Your answer must consist only of the lines from the start of the entries through the line that holds "un comptoir de", copied exactly, with no pictures.

__________________________________________________

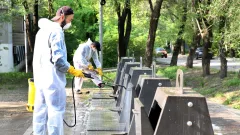 В городе производится санитарная очистка мусорных контейнеров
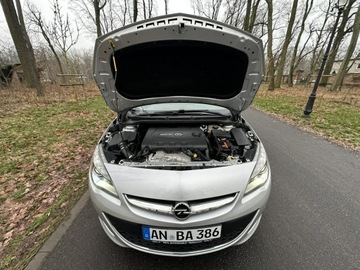 Opel Astra J Sports Tourer Facelifting 2.0 CDTI ECOTEC 165KM 2013 Opel Astra Sport Tourer 2.0 CDTI 165 KM 2013r. Xen, zdjęcie 39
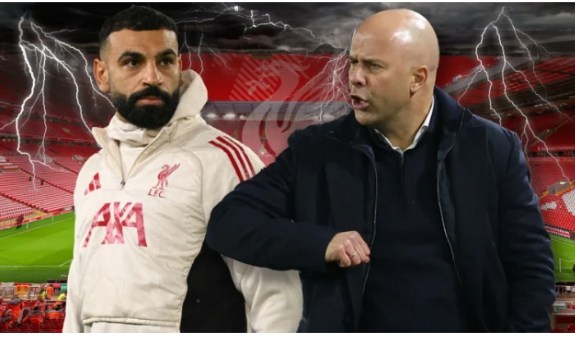 Wayne Rooney warns Mohamed Salah is risking his Liverpool legacy after recent public comments, urging careful management to preserve the Egyptian forward’s iconic status.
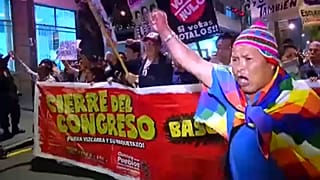 Mehrere tausend Menschen sind in Lima auf die Straße gegangen.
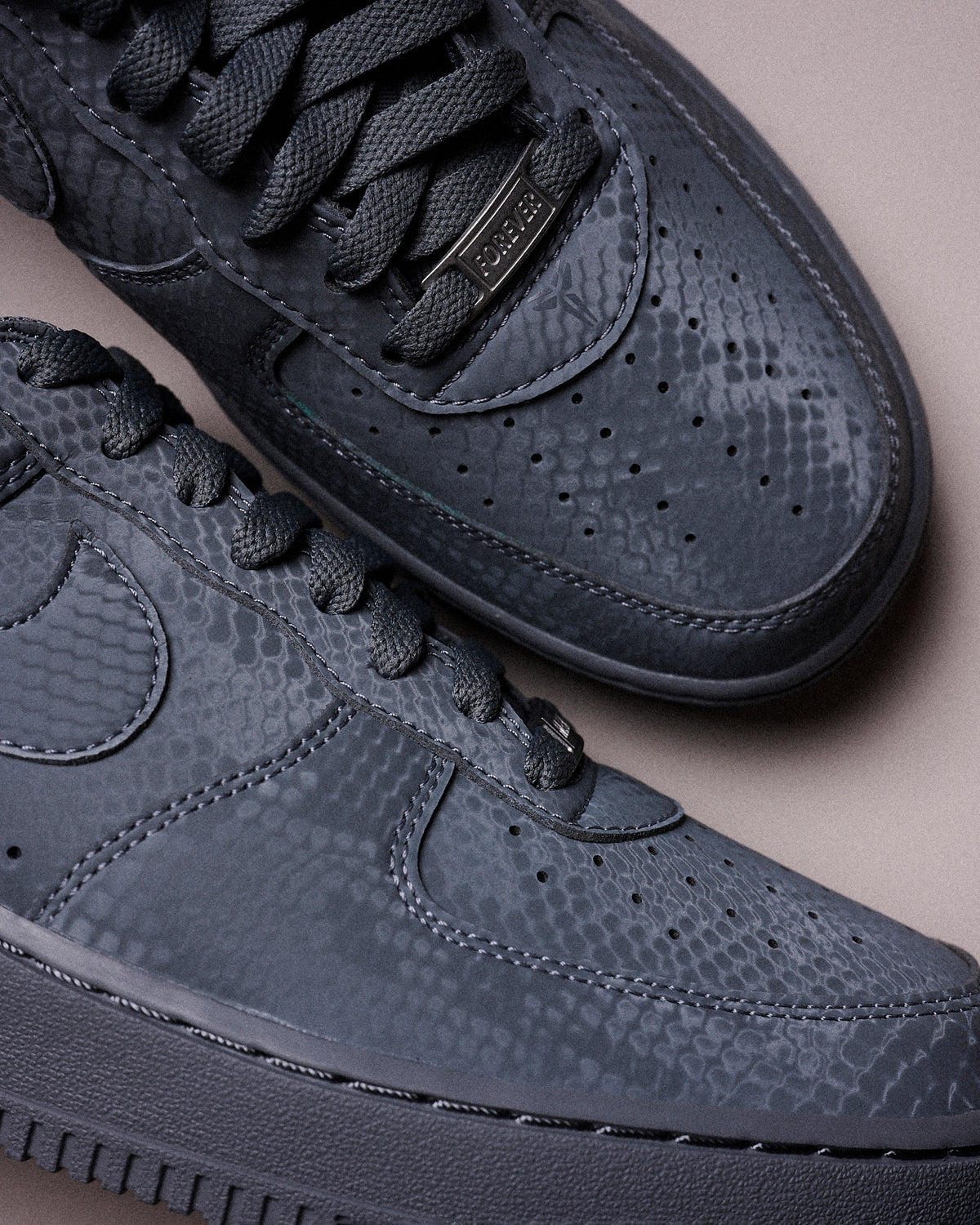 KOBE Air Force 1 Low Cool Grey/Wolf Grey IB0018-004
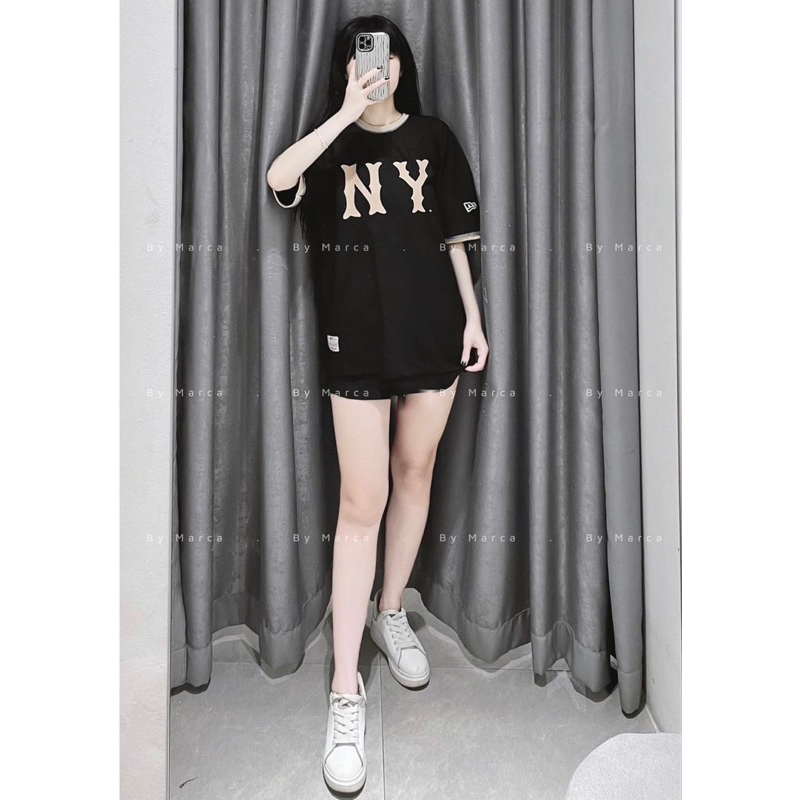 ÁO PHÔNG NYI ĐEN CHỮ VÀNG KÈM MŨ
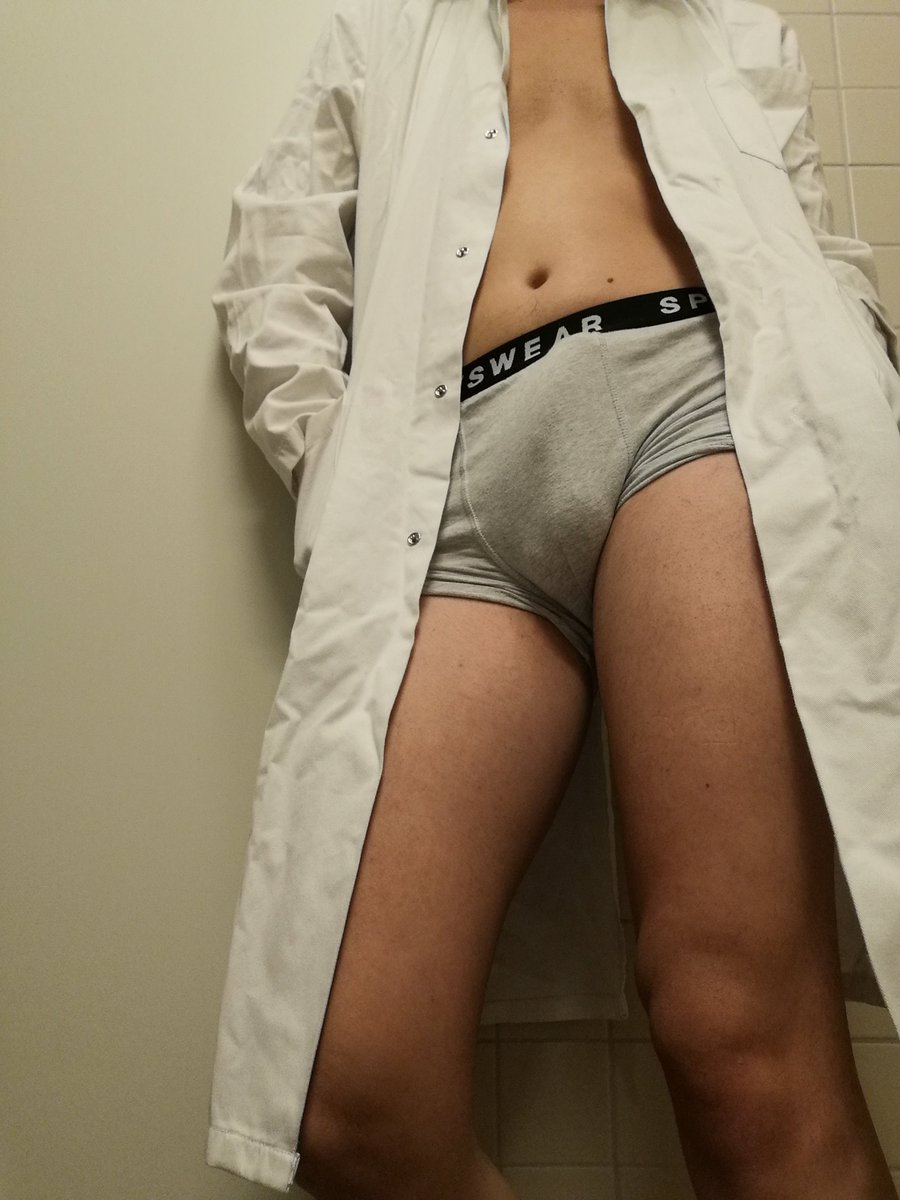 SillyLilEcho's tweet photo. I heard the people like bulge pics https://t.co/KEy1deAZw8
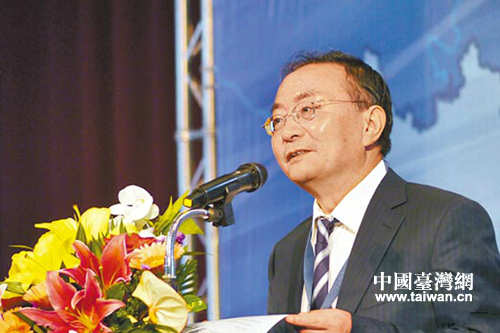 四川省委常委、省委農工委主任李昌平在論壇上致辭 四川省委常委、省委農工委主任李昌平在論壇上致辭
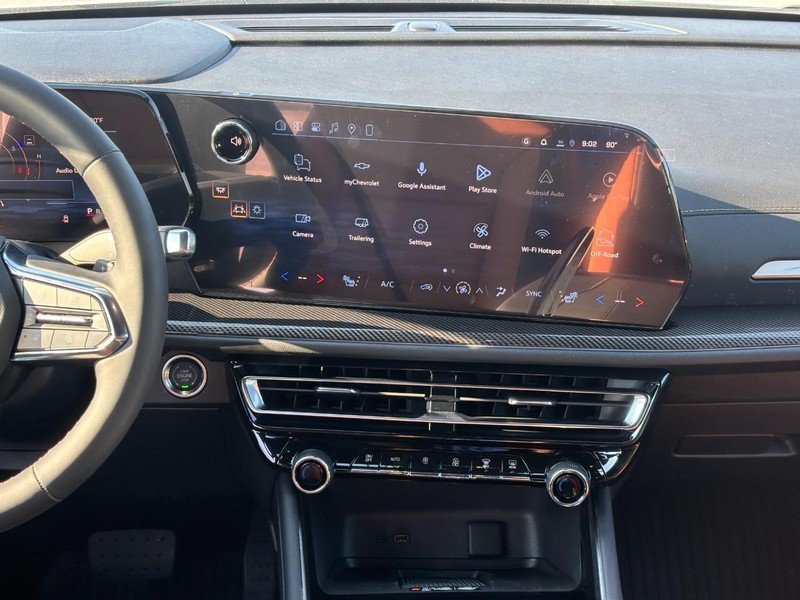 Chevrolet Traverse Vehicle Full-screen Gallery Image 9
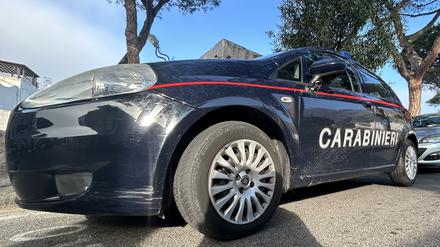 ARCHIV - 18.02.2024, Italien, Panza: Ein Auto der italienischen Carabinieri.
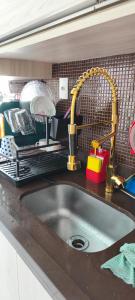 un comptoir de cuisine avec un évier et un évier dans l'établissement BEACH HOUSE ARUANA, à Aracaju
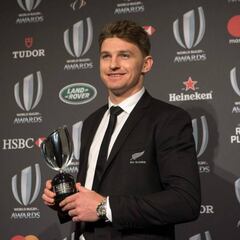 Portia Woodman and Beauden Barrett crowned World Rugby Players of the Year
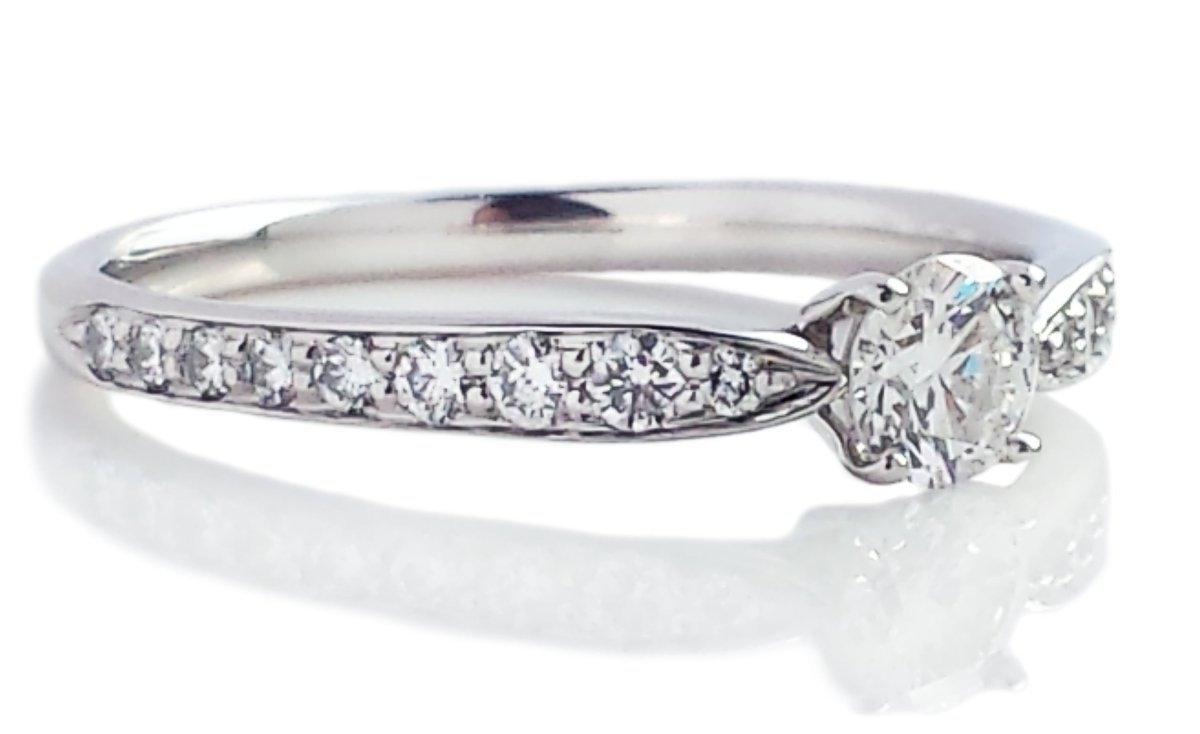 Tiffany & Co. 0.24ct G/VVS2 Harmony Round Brilliant Cut Diamond Engagement Ring - Bloomsbury Manor Ltd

__________________________________________________

→ SOLUTION FOR THIS EXERCISE
 В городе производится санитарная очистка мусорных контейнеров
 Opel Astra J Sports Tourer Facelifting 2.0 CDTI ECOTEC 165KM 2013 Opel Astra Sport Tourer 2.0 CDTI 165 KM 2013r. Xen, zdjęcie 39
 Wayne Rooney warns Mohamed Salah is risking his Liverpool legacy after recent public comments, urging careful management to preserve the Egyptian forward’s iconic status.
 Mehrere tausend Menschen sind in Lima auf die Straße gegangen.
 KOBE Air Force 1 Low Cool Grey/Wolf Grey IB0018-004
 ÁO PHÔNG NYI ĐEN CHỮ VÀNG KÈM MŨ
 SillyLilEcho's tweet photo. I heard the people like bulge pics https://t.co/KEy1deAZw8
 四川省委常委、省委農工委主任李昌平在論壇上致辭 四川省委常委、省委農工委主任李昌平在論壇上致辭
 Chevrolet Traverse Vehicle Full-screen Gallery Image 9
 ARCHIV - 18.02.2024, Italien, Panza: Ein Auto der italienischen Carabinieri.
 un comptoir de cuisine avec un évier et un évier dans l'établissement BEACH HOUSE ARUANA, à Aracaju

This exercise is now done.